Als der erste Teil der Olympischen Eiskunstlauf-Wettbewerbe vorüber war, wusste ich, dass nichts mehr passieren konnte – oder formulieren wir es eine Spur vorsichtiger (denn Eis ist rutschig): dass eigentlich nicht mehr viel passieren konnte. Ich war als Favoritin auf Gold nach Japan gekommen und ich rechnete nicht groß herum. Klar war, dass ich die beste Pflicht meines Lebens laufen musste, um einen großen Vorsprung auf die unmittelbare Konkurrenz, voraussichtlich Janet Lynn und Karen Magnussen, herauszuholen. Dann könnte ich auch gelassen in den Kürteil gehen.

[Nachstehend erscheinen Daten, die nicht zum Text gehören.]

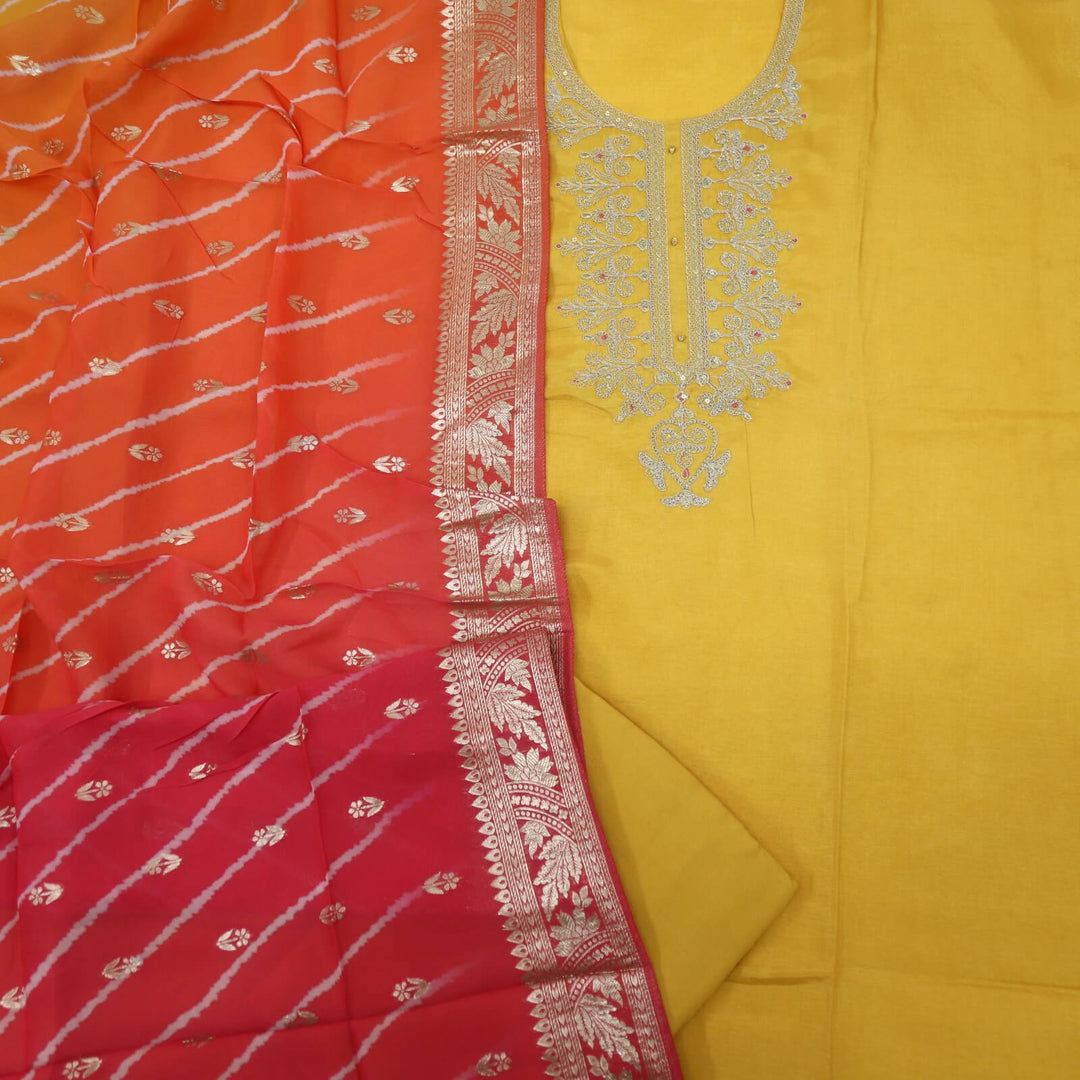 Ishani Canary Yellow Pita Work Dola Silk with Leheriya Zari Work Dola Silk Dupatta Set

Als die Eiskunstlauf-Wettbewerbe starteten war Karl Schranz schon wieder in Österreich und das Team in Japan noch immer ohne Gold. Annemarie Moser hatte bis zu meinem Auftritt Silber in der Abfahrt (hinter Marie-Theres Nadig aus der Schweiz) gewonnen, einen Tag nach meinem Triumph holte sie einen weiteren zweiten Platz, im Riesentorlauf, erneut hinter der Eidgenossin. Allerdings sei schon auch erwähnt, dass das österreichische Alpinteam aufgrund der Diskussionen um Abreise und Boykott in Zusammenhang mit der Sperre von Karl Schranz an einigen Trainingstagen nicht dabei war. Der 7. Februar 1972 wurde jedenfalls der einzige Tag im gesamten Sportjahr, an dem Österreich olympisches Gold bejubeln konnte. Das Transparent im Stadion „Trixi, bring du das Gold!“, aufgehängt von österreichischen Fans und Funktionären, war eine vorausschauende und auch eintreffende Vorhersage.

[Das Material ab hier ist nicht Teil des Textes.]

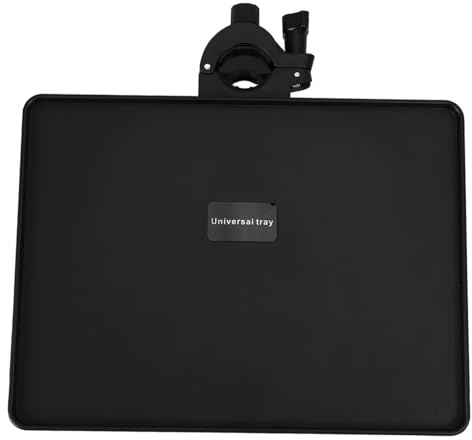 Höhenverstellbare Mikrofon Soundtablett Klemme Am Regal Schwarz | Abs und Metall, Verdickt mit Höheren Rändern, für Mikrofonständer und Musikständer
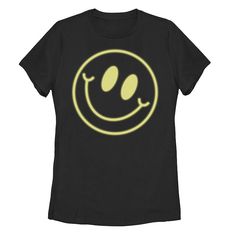 a black t - shirt with a yellow smiley face on it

Die Wertungsrichter waren Michele Beltrami aus Italien, Valentin Piseev aus der UdSSR, Walburga Grimm aus der DDR, Ingegerd Lago aus Schweden, Hans Kutschera aus Österreich, Joan MacLagan aus Kanada, Marcella Willis aus den USA, Ryuichi Obitani aus Japan und Klara Kozapi aus Ungarn. Ich kannte sie in ihrer Gesamtheit nicht sehr gut und konnte mir deswegen kein Bild machen, wer mich und meinen Stil nun denn mochte und wer weniger. Doch nach der ersten Pflichtaufgabe jubelte ich innerlich: Es lief gut! Nach sechs Figuren kam ich auf 1247,0 Punkte und meine vermeintliche große Widersacherin Janet Lynn lag mit 1074,6 Punkten schon weit zurück. Zweite nach der Pflicht war Julie Lynn Holmes (USA), dritte Karen Magnussen (CAN). Ich blickte auf die Anzeigetafel und mir schoss durch den Kopf, dass ich bei der Kür zwei- oder dreimal stürzen könnte und es würde sich dennoch immer noch ausgehen! Ich wollte 120, 140 Punkte Vorsprung haben. Ziel erreicht!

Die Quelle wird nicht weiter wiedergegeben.